Pages

Aug 26, 2009

Cinnet Yazıları

Cinnet yazısı diye bir yazım türü var mı literatürde? Eğer varsa hiç duymadım varlığını. Şurda Futuriska’nın bir yazısı var. Bi solukda okudum. Yer yer duraksadım. Katılmadım. Ama yazıyı çok sevdim. Sonra sorguladım niye sevdim diye. Katılmadığım yerlere geldiğimde siktir çekip bırakmadım okumayı yani. Beni herşeye rağmen okumaya devam ettiren neydi? Içten içe akan birşeyler vardı yazıda? Cinnet gibi engellenmesi güç. Cinnet kadar haklı. Cinnet kadar suçdan, cezadan, ayıpdan, yasakdan muhaf…

Cinnet yazılarını güzel kılan biraz da onların ince elekli filitreded geçmeden yazılmalarıdır. Ağızdan çıktığı gibi yazılmalarıdır. Hani aşk mektupları vardır ya, okunurken gramer hatası nerde yapılmış diye okursanız sıçmış olursunuz içine mektubun da aşkın da. Öyle bir şey işte. Yani cinnet yazısı mükemmel değildir. Mükemmel olması aranmamalıdır. Bir sürü aşırı genellemeler, yaygın önyargılar, ve hatta gündelik cinsiyetçi söylemler içerebilirler. Küfür etmek gibi bir şeydir. Amacı cinsel kimlikler üzerinde bir yargı değil küfür edenin küfür edilen tarafından açilmış yaranın o en insane dışı vurumudur. Yani sürçi lisan edilme olasılığı çok yüksek ama özünde cinneti ve öfkesi haklı olan bir yazıdır. Bunun için de söylediği her söz alehinde delil olarak kullanılmamlıdır. Yazının geneli bir bütün olarak ele alınıp, yazıldığı tarihsel, sosyal, ekonomik koşulları, bunlar arsındaki dinamik ilişkileri, ve bütün bunların bireyin en öznel duygusal, heyecansal, ve bilişsel yanları üzerindeki etkisiyle değerledirilmelidir. “Topunuzun anasını avradını sikeyim” derken kalkıp bunun alabildiğine genelleyici, erkek egemen ve cinsiyetçi bir söylem olduğu eleştirisi cinnet yazısını fazla bağlamamalıdır. Mesele cinnetin haklılığıdır.

8 comments:

E.A.Şeran said...

Biz ekliyelim literatüre bu yazı türünü:)) Çok sevdim bu yazıyı. Ben yazıyorum bu yazılardan bolca bu günlerde off off...

Ebru said...

Diğer kadın arkadaşlarda aynı his oluyor mu bilmem ama yazı ne kadar sürükleyici, güzel, dolu dolu olsa da içerisine serpiştirilmiş argo sözcükler kulağımı tırmalıyor. Marjinallik mi bu bilmiyorum.
Cinnetin getirdiği edebi sonuca gelince benim de hoşuma gider ağdalı değil dil, beğenilme kaygısından uzak duvarı yumruklar gibi yazmak. Hatta içerisinde dinginleşmek yazının bir tür onarılma hali belki de.

Eleştirel Günlük said...

Ebru cok hosuma gitti ifade edis bicmin: "beğenilme kaygısından uzak duvarı yumruklar gibi yazmak. Hatta içerisinde dinginleşmek yazının bir tür onarılma hali belki de." hadi hadi oza'nin dedigi gibi biz ekleyelim bu yazi turunu literature...

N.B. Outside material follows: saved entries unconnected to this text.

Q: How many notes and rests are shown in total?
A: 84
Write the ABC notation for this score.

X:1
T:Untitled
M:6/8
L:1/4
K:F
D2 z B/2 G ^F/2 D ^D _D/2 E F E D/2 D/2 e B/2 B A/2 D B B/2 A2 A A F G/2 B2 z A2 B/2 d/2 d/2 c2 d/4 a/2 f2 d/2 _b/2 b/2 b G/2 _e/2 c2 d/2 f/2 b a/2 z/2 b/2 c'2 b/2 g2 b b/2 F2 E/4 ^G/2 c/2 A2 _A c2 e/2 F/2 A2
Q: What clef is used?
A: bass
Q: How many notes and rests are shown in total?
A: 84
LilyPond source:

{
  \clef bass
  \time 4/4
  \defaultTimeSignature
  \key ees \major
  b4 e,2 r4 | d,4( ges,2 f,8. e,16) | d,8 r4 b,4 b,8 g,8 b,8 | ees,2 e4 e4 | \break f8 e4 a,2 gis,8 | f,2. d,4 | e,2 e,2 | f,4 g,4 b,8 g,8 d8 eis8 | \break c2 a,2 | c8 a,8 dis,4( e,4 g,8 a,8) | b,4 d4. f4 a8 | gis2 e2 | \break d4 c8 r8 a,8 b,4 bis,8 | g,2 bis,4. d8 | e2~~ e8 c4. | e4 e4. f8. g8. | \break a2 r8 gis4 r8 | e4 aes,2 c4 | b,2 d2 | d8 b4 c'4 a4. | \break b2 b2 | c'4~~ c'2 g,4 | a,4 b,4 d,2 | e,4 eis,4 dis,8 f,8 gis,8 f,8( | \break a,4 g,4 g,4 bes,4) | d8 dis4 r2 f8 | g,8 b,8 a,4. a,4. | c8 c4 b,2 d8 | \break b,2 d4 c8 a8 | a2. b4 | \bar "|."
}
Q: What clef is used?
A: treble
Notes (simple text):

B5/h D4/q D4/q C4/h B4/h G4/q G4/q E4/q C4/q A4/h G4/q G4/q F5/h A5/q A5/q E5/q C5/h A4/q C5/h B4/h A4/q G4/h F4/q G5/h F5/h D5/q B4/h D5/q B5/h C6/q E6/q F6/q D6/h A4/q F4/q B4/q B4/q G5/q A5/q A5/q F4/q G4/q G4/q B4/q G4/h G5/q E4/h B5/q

Su argo ve kufurlerden ben de hoslanmam ama belki bunun bir sebebi de bunlarin hala "erkek" egemenligi altinda ve kullanma serbestisinde olmasindadir. Belki kizlar da kullanmali "si..." "a... Ko.." gibi sozcukleri ki sadece erkeklere ait olmaktan cikmali bu terimler.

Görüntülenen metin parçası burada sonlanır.